(Beginning of Available records)

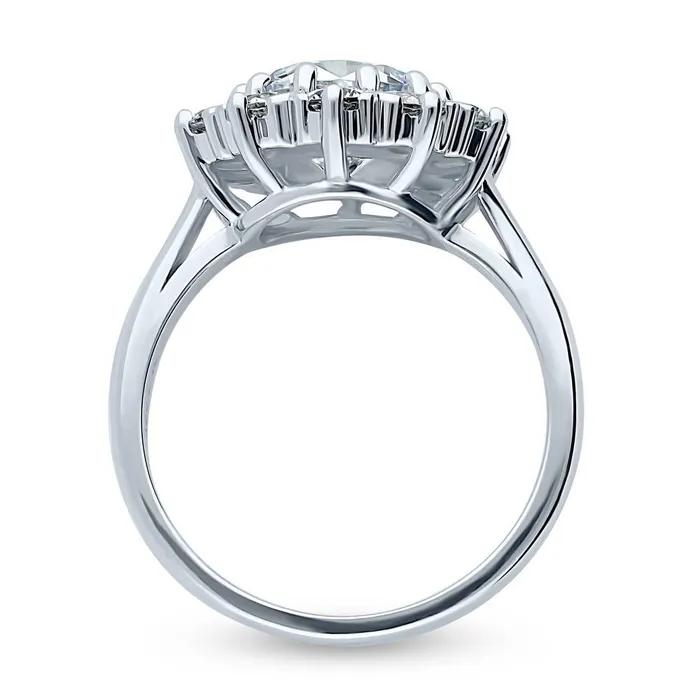 Flower Halo CZ Ring in Sterling Silver BERRICLE Rings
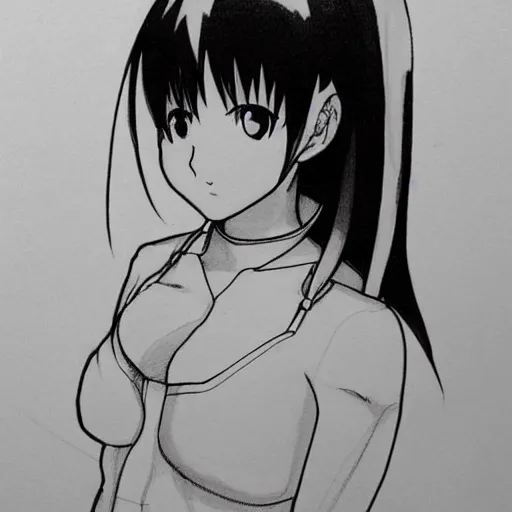 Image similar to beautiful aesthetic inspirational masterful professional ink pen liner sketch of a 1 9 9 0 s anime manga japanese girl posing in latex leotard, marvel style, concept art, fine details, trending on artstation, high quality paper, instagram photo. art university academy work, gnomon, calarts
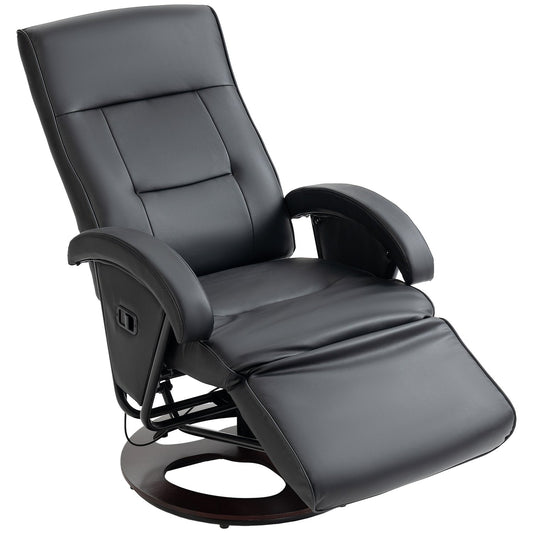 Swivel Chair, Faux Leather, Reclining, Black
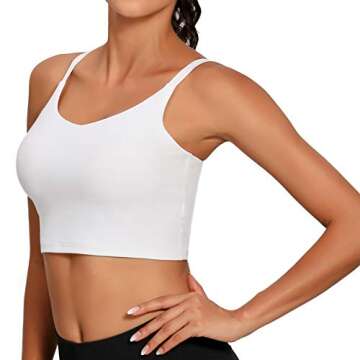 Lemedy Sports Bra Adjustable Strap Crop Padded Tank Top Workout Yoga Gym Running (L, White)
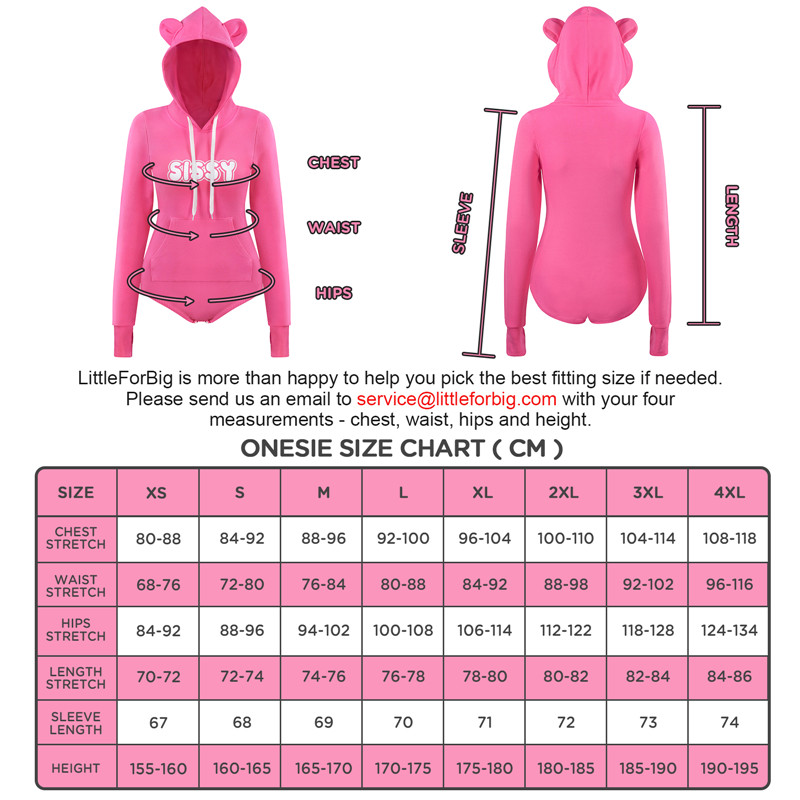 Cozy SissyUniversity Bear Hoodie Sweatshirt Onesie Hot Pink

(End of Available records)

# What is being asked:
Repeat the whole listing above word for word. Leave out the pictures.

# Response for this exercise:
 Flower Halo CZ Ring in Sterling Silver BERRICLE Rings
 Image similar to beautiful aesthetic inspirational masterful professional ink pen liner sketch of a 1 9 9 0 s anime manga japanese girl posing in latex leotard, marvel style, concept art, fine details, trending on artstation, high quality paper, instagram photo. art university academy work, gnomon, calarts
 Swivel Chair, Faux Leather, Reclining, Black
 Lemedy Sports Bra Adjustable Strap Crop Padded Tank Top Workout Yoga Gym Running (L, White)
 Cozy SissyUniversity Bear Hoodie Sweatshirt Onesie Hot Pink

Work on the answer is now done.